Retype the data exactly, skipping any picture in it.

Collected data.
########
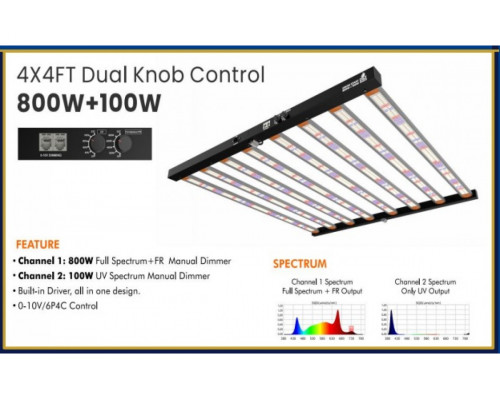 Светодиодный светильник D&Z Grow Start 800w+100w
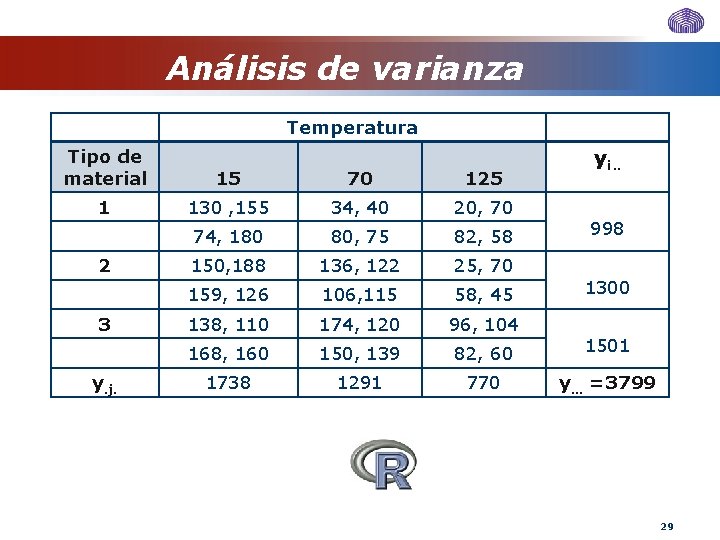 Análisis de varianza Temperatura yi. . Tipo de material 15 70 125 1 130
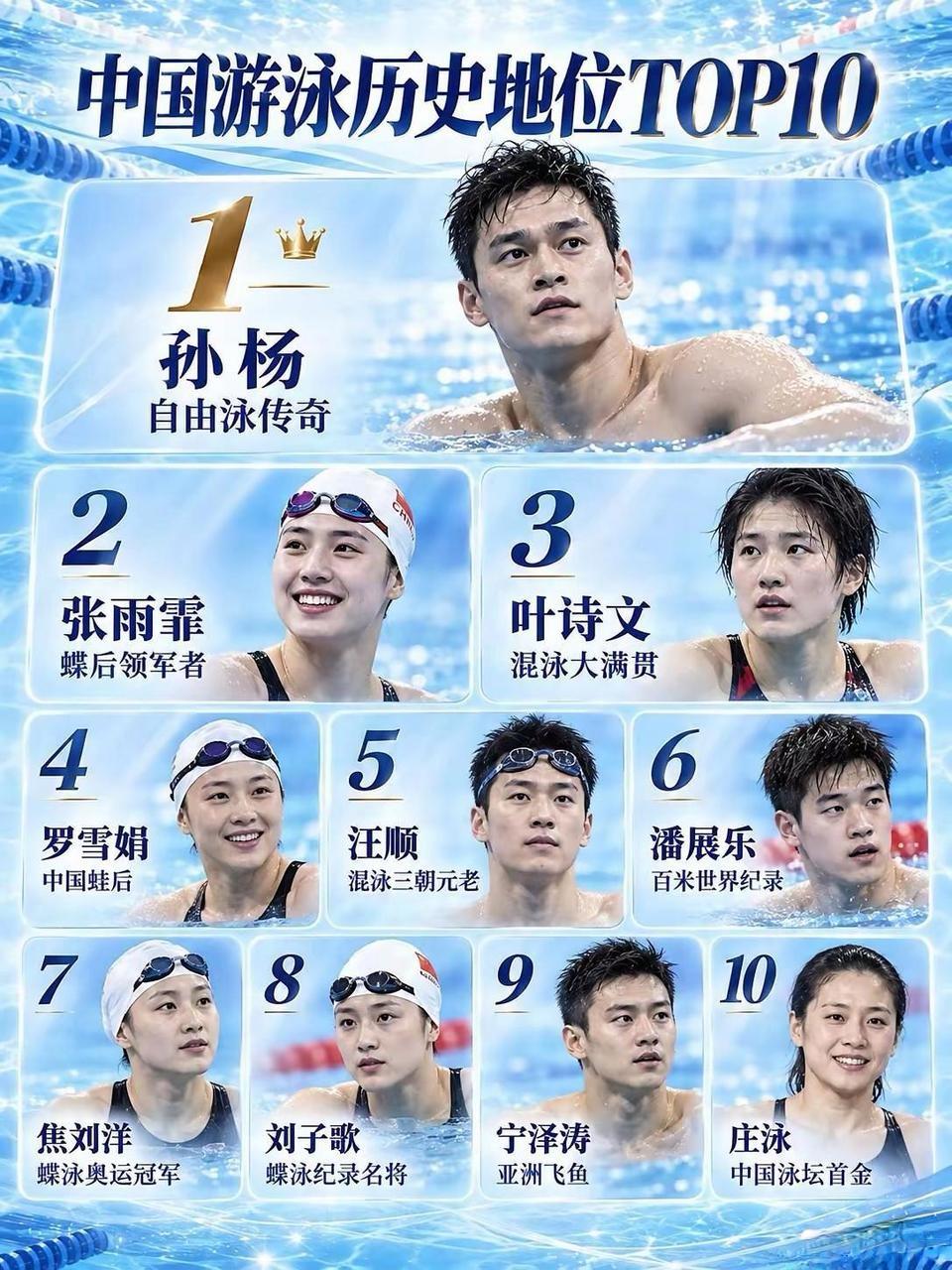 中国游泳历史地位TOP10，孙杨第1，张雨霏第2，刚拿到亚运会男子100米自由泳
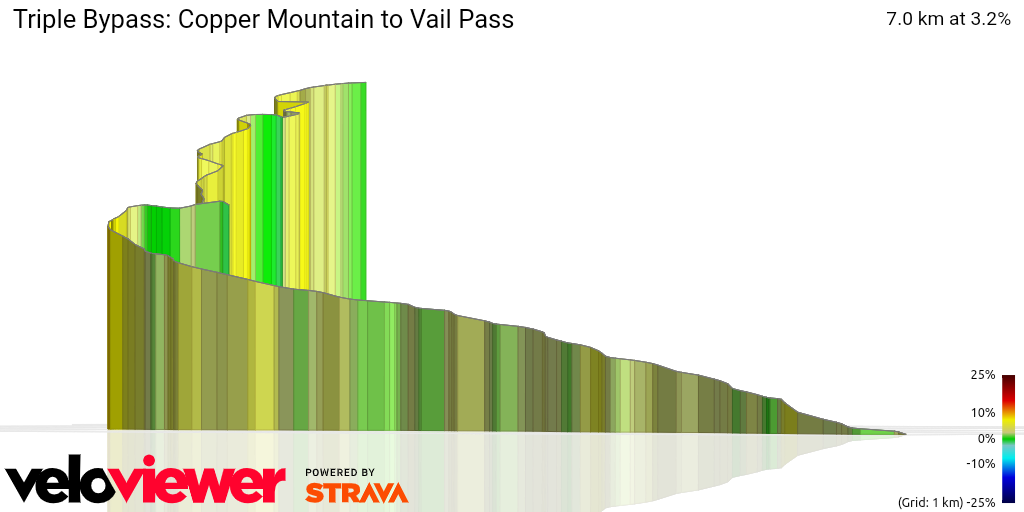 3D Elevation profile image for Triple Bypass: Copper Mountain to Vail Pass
########
Response to this task.
 Светодиодный светильник D&Z Grow Start 800w+100w
 Análisis de varianza Temperatura yi. . Tipo de material 15 70 125 1 130
 中国游泳历史地位TOP10，孙杨第1，张雨霏第2，刚拿到亚运会男子100米自由泳
 3D Elevation profile image for Triple Bypass: Copper Mountain to Vail Pass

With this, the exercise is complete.